Scientific classification
- Kingdom: Animalia
- Phylum: Chordata
- Class: Chondrichthyes
- Subclass: Elasmobranchii
- Division: Selachii
- Order: Squaliformes
- Family: Etmopteridae
- Genus: Etmopterus
- Species: E. villosus
- Binomial name: Etmopterus villosus C. H. Gilbert, 1905

= Hawaiian lanternshark =

- Genus: Etmopterus
- Species: villosus
- Authority: C. H. Gilbert, 1905
- Conservation status: LC

Species of shark

The Hawaiian Lanternshark (Etmopterus villosus) is a species of small squaliform shark in the family Etmopteridae.

== Description ==
This type of Etmopteridae have a small but sturdy body. Research has found that females will reach to about 652 mm in length, while males will reach about 624 mm in length. The Hawaiian lantern shark has a muted color range consisting of browns and blacks on its upper half of its body. While the lower part are more consistent with a darker tonal range. A couple of noticeable characteristics for this organism is upon the area above the pelvic fin there is a black mark, there gills are about 6.25 mm long. Another couple of noticeable characteristics is the second dorsal fin. It is larger than the first frontal fin, but the length is almost half the size of the other.
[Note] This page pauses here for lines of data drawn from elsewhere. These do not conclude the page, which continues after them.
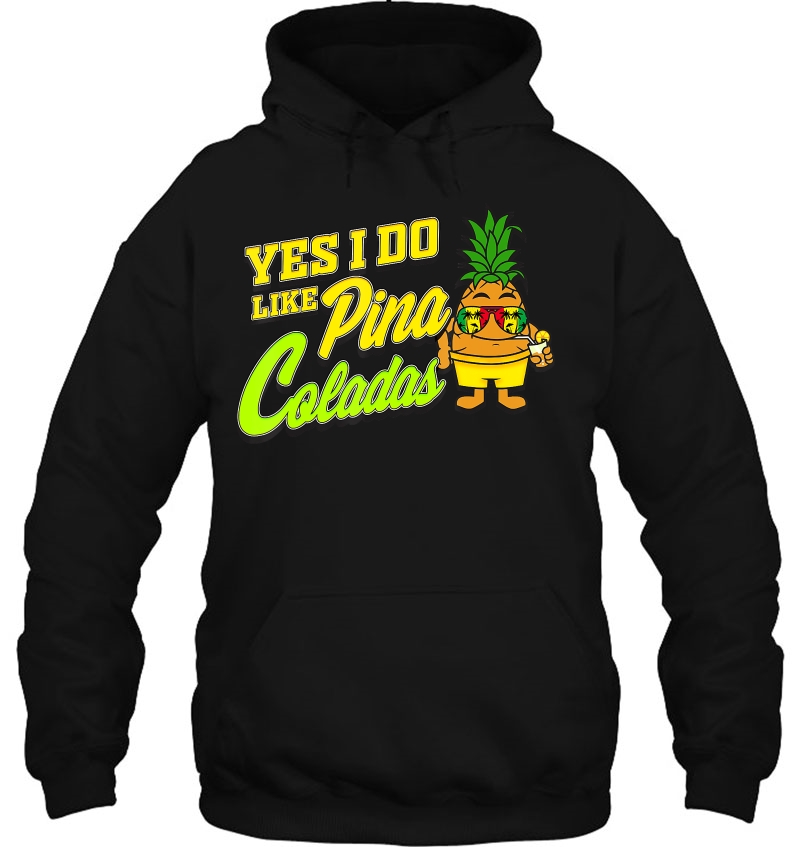 Yes I Do Like Pina Coladas Cocktail Funky Pineapple Mugs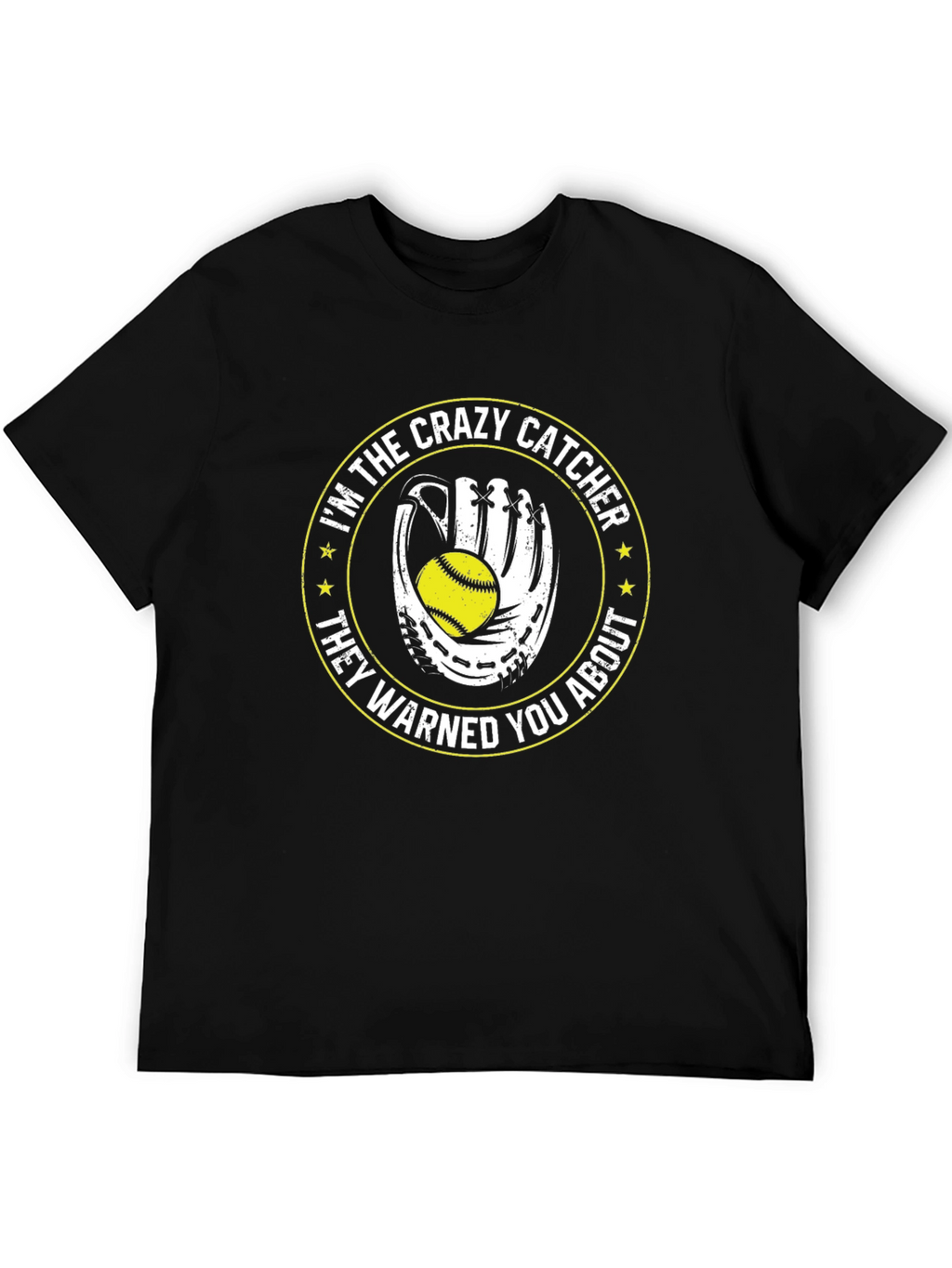 Crazy Catcher T-Shirt - Softball Gift
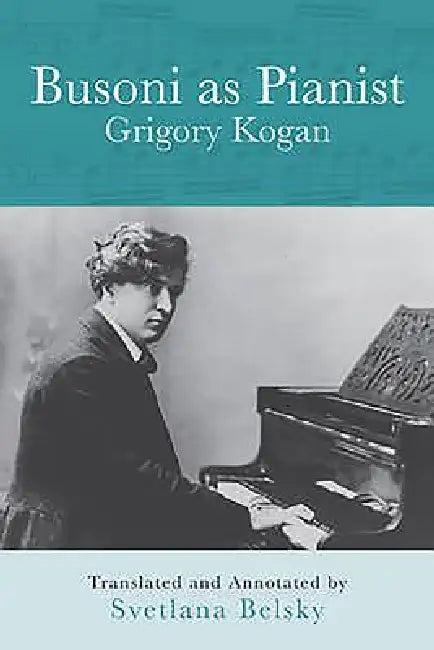 Busoni as Pianist (English, Grigory Kogan | Svetlana Belsky)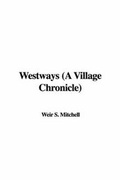 Cover: Westways (a Village Chronicle) - IndyPublish.com
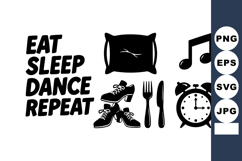 Eat Sleep Dance Repeat motivational phrase with pillow shoes Product Image 1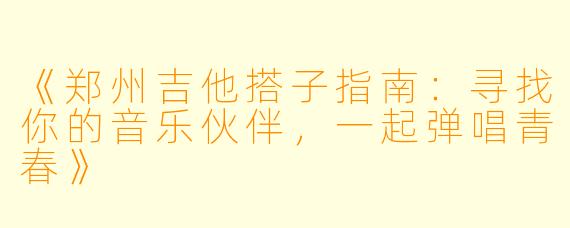 《郑州吉他搭子指南：寻找你的音乐伙伴，一起弹唱青春》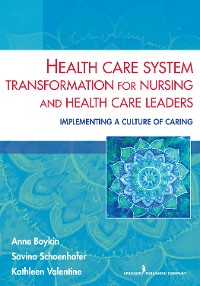 Cover Health Care System Transformation for Nursing and Health Care Leaders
Another noticeable characteristic unique to the lanternshark is that the spine has a slight curve to it instead of being straight.

== Distribution ==
These organisms can be found in the Hawaiian Islands arounds depths of 1.61 km. Some can be located more along the further of the Hawaiian island chain to the north. Researchers have found specimens near the Koko seamount and South Kanmu seamounts.

== Human interaction and preservation ==
Due to such depths that these creature live at, the interaction with human is sparse. The only rare occasion that humans end up encountering such deep sea sharks is the use of deep sea nets that impeach upon the sharks depth. This also makes it not in the endangered species list.